Pessoalmente prefiro a segunda. É mais dificil de executar e diverte bastante a plateia.
Parabens aos dois por serem tão bons naquilo que fazem.
Anónimo disse…
A missa em latim tem, para a Igreja Católica, a grande vantagem de ninguém perceber os disparates e as inanidades que nela se dizem.
Anónimo disse…
Textos fabricados, enfim
Luís Queirós disse…
Caro Esperança

Mais uma bela crónica, como só tu sabes produzir

Ao ler este texto eu reconheço o cenário que descreves:

“A pobreza da aldeia só é imaginável, hoje, percorrendo países do terceiro mundo. Os ventres dilatados de várias crianças eram fruto de carências proteicas; e os olhos, que ameaçavam saltar das órbitas quando viam comida, denunciavam a fome que as consumia”

Este cenário não foi apenas o cenário da nossa infância; foi nele que viveram os nossos pais, os nossos avós e os avós dos nossos avós...

O que é que mudou nos últimos 50 anos para que hoje a “fome” seja apenas uma vaga lembrança, uma palavra quase sem significado para os nossos filhos?
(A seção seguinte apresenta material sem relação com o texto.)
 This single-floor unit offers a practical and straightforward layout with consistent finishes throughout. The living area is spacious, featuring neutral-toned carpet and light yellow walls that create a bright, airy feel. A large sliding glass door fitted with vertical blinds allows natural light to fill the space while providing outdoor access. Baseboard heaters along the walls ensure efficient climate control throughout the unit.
Este pensamento angustia-me pois é verdade que hoje Portugal produz menos trigo, menos batatas e menos vinho do que há 50 anos. E até já estamos a desaprender a pescar?

Quem nos mata a fome?
Anónimo disse…
Quem nos mata a fome? Eu digo-lhe meu caro: São os escravos deste mundo, mais comummente conhecidos como terceiro mundo, subjugados que estão ao enorme poderio militar-industrial do Ocidente. E são também os recursos deste pobre planeta que, a este ritmo de fruição, vão desaparecer muito rapidamente. Não fugindo ao tema do post, Deus queira que os horrores descritos em algumas partes da Bíblia não voltem a ser actuais em nossos dias...
Rui Luzes Cabral disse…
Sr. Carlos Esperança, o artigo sobre uma nostalgia "infeliz" ou somente a descrição de um passado dificil está muito bem escrito. Eram assim aqueles tempos, tanto na sua Freguesia, como em tantas outras. Tudo é fruto do seu tempo e tudo se entende dessa forma.
Desenquadrado, simplesmente a última frase sobre Bento XVI e o regresso do latim. Este regresso que não se entenda como forma de se voltar ao passado obscurantista (antes Vaticano II). É simplesmente reavivado por questões meramente culturais e simbólicas. Nada mais.